Ctrl z <enter>    # Suspend (put to sleep) a process
fg                # Resume (wake up) a suspended process and brings it into foreground
bg                # Resume (wake up) a suspended process but keeps it running
# in the background
.
Ctrl c            # Kills the process that is currently running in the foreground
kill <process-ID> # Kills a specific process
kill -9 <process-ID> # NOTICE: "kill -9" is a very violent approach.
# It does not give the process any time to perform cleanup procedures
.
kill -l           # List all of the signals that can be sent to a proccess
kill -s SIGSTOP <process-ID> # Suspend (put to sleep) a specific process
kill -s SIGCONT <process-ID> # Resume (wake up) a specific process
renice -n <priority_value> # Changes the priority value, which range from 1-19,
# the higher the value the lower the priority, default is 10

Redirecting Input and Output

Every program you run from the shell opens three files:

  • Standard input: Using the “less-than” sign with a file name like  “<filename”
  • Standard output: Using the “greater-than” sign with a file name like  ‘>filename’
  • Standard error: A bit trickier, depending on the kind of shell being used

Pipelines and Filters

Pipe

  • Allows  to connect processes, by letting the standard output of one process feed into the standard input of another process.
  • ls -l /etc | more

Grep

  • Grep searches line-by-line for a specified pattern, and outputs any line that matches the pattern.
  • basic syntax for the grep command is
  • grep [-options] pattern [file].

Text Editors

Vi and Vim

Non-graphical (terminal-based) editor. Vi is guaranteed to be available on any system. Vim is the improved version of vi.

Vim Manual

vim my_file_name # open/create file with vim

Once you are in Vim the most important commands are i:  and ESC. The i key brings you into the insert mode for typing. The ESC brings you out of there. And the : key starts the command mode at the bottom of the screen. In the following text, all commands starting with : need to be typed in the command mode. All other commands are typed in the normal mode after hitting the ESC key.

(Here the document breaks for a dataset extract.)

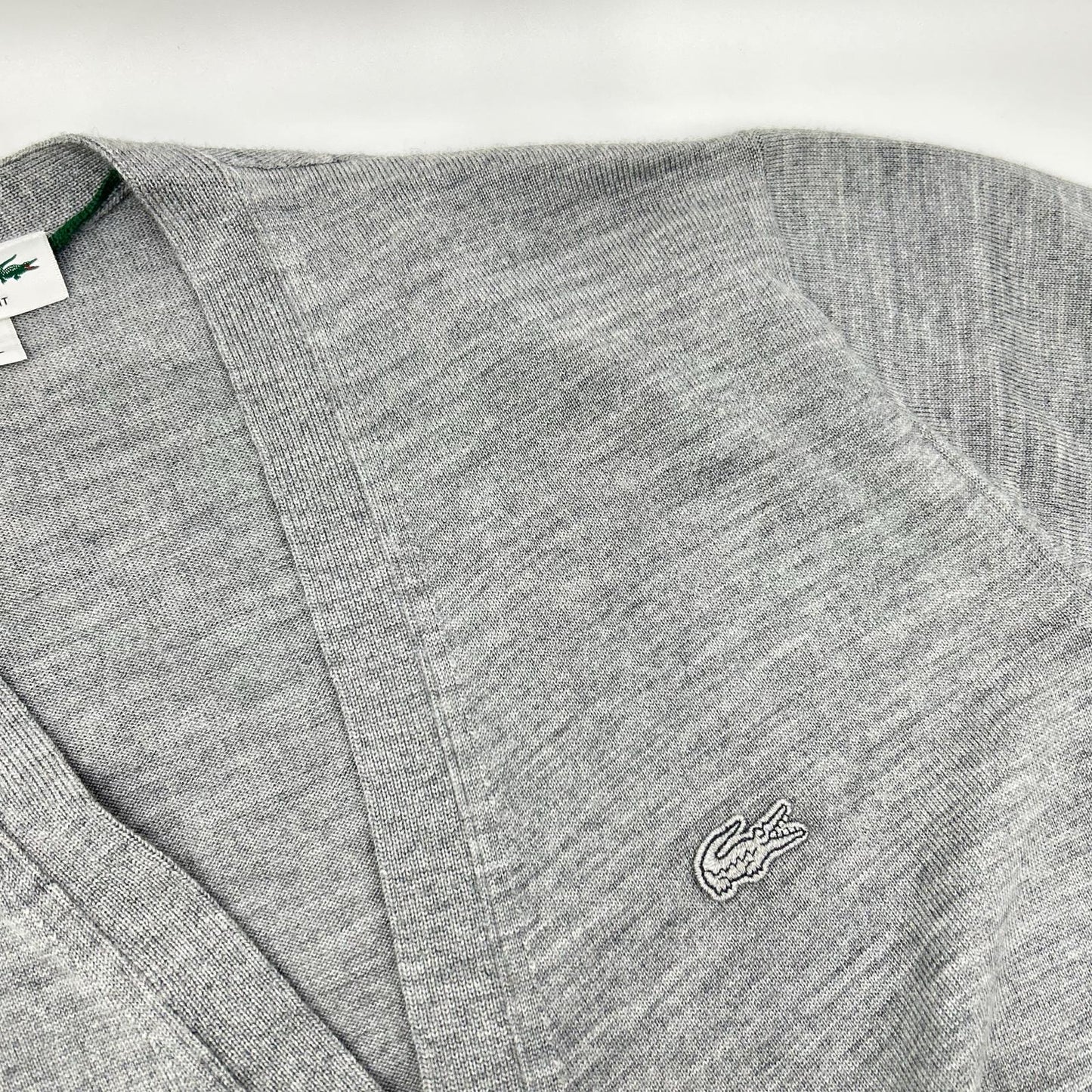 Lacoste 拉科斯特 灰色 精选美利奴羊毛开衫 上衣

Modifier Keys to Control Vim
  • i # INSERT MODE
  • ESC # NORMAL (NON-EDITING) MODE
  • : # commands start with ':'
  • :w # save command; if you are in editing mode you have to hit ESC first!!
  • :q # quit file, don't save
  • :q! # exits WITHOUT saving any changes you have made
  • :wq # save and quit
  • R # replace MODE
  • r # replace only one character under cursor
  • q: # history of commands (from NORMAL MODE!), to reexecute one of them, select and hit enter!
  • :w new_filename # saves into new file
  • :#,#w new_filename # saves specific lines (#,#) to new file
  • :# go to specified line number

Moving Around in Files

  • $ # moves cursor to end of line
  • A # same as $, but switches to insert mode
  • 0 (zero) # moves cursor to beginning of line
  • CTRL-g # shows at status line filename and the line you are on
  • SHIFT-G # brings you to bottom of file, type line number (isn't displayed) then SHIFT-G # brings you to specified line#

Search in Files

  • /my_pattern # searches for my_pattern downwards, type n for next match
  • ?my_pattern # seraches for my_pattern upwards, type n for next match
  • :set ic # switches to ignore case search (case insensitive)
  • :set hls # switches to highlight search (highlights search hits)

Screen

Starting a New Screen Session

screen                 # Start a new session
screen -S <some-name>  # Start a new session and gives it a name
Commands to Control Screen
  • Ctrl-a d #  Detach from the screen session
  • Ctrl-a c # Create a new window inside the screen session
  • Ctrl-a Space # Switch to the next window
  • Ctrl-a a # Switch to the window that you were previously on
  • Ctrl-a " # List all open windows. Double-quotes " are typed with the Shift key
  • Ctrl-d or type exit # Exit out of the current window. Exiting form the last window will end the screen session
  • Ctrl-a [ # Enters the scrolling mode. Use Page Up and Page Down keys to scroll through the window. Hit the Enter key twice to return to normal mode.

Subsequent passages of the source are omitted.